For most of our audience, the last time the French Foreign Legion came up was likely in a context related to old movies or stories from the ’30s or ’40s. Movies like Beau Geste, based on a 1924 novel by P.C. Wren, parodies on Looney Toons, Disney cartoons, Laurel & Hardy or Abbott & Costello comedies; that sort of thing. More recently, the Brendan Fraser Mummy movies began with his character as a member of the French Foreign Legion.
The notion behind the Legion is that it’s a military unit for people that need to get away from their troubles at home and end up going to harsh environments on the other side of the world. Well, like any military force that gets a reputation for being full of tough, expendable soldiers, there are many aspects of the Legion that make it definitely worth your time to get to know better.
10. Inauspicious Origins
You might think that an organization that’s notorious for accepting recruits from around the world is in some way meant to be forward-thinking or idealistic. The Foreign Legion was definitely not that. Signed into being by King Louis-Philippe in 1831, it was intended as a lowkey way to take all the surviving revolutionaries from the July Revolution of 1830 and send them somewhere far away instead of sowing resentment by executing them. It was also a method of getting rid of immigrants, hence its extremely diverse population from the beginning among the rank and file.

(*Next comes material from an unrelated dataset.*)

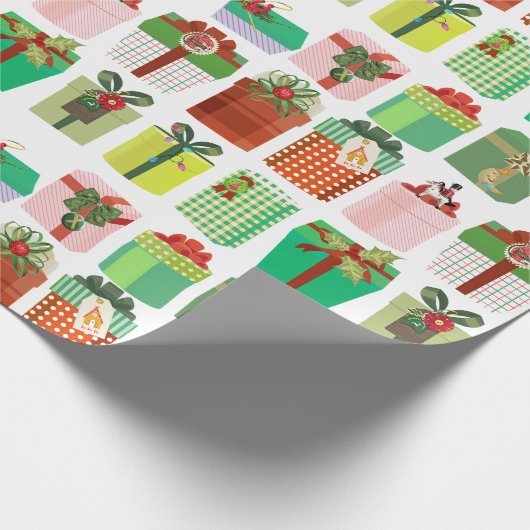 Papier Cadeau Christmas Gift Parcels Presents Pattern (Coin)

The Legion took a long time to go from a way of sweeping undesirables under the rug to an institution anyone would want to romanticize. After serving garrison duty in the colony of Algeria, in 1835 they were sent to fight in Spain where they suffered heavy casualties and were criticized as being constantly on the verge of mutiny. Even as late as 1861 when they were back in Algeria, their commanding general Ulrich told high command that the unit should be disbanded since desertion was rife and the soldiers were so badly disciplined otherwise that they couldn’t be issued ammunition or be given two pairs of shoes lest they sell their spare pair. It wouldn’t be until after World War One that they gained mainstream respectability in France.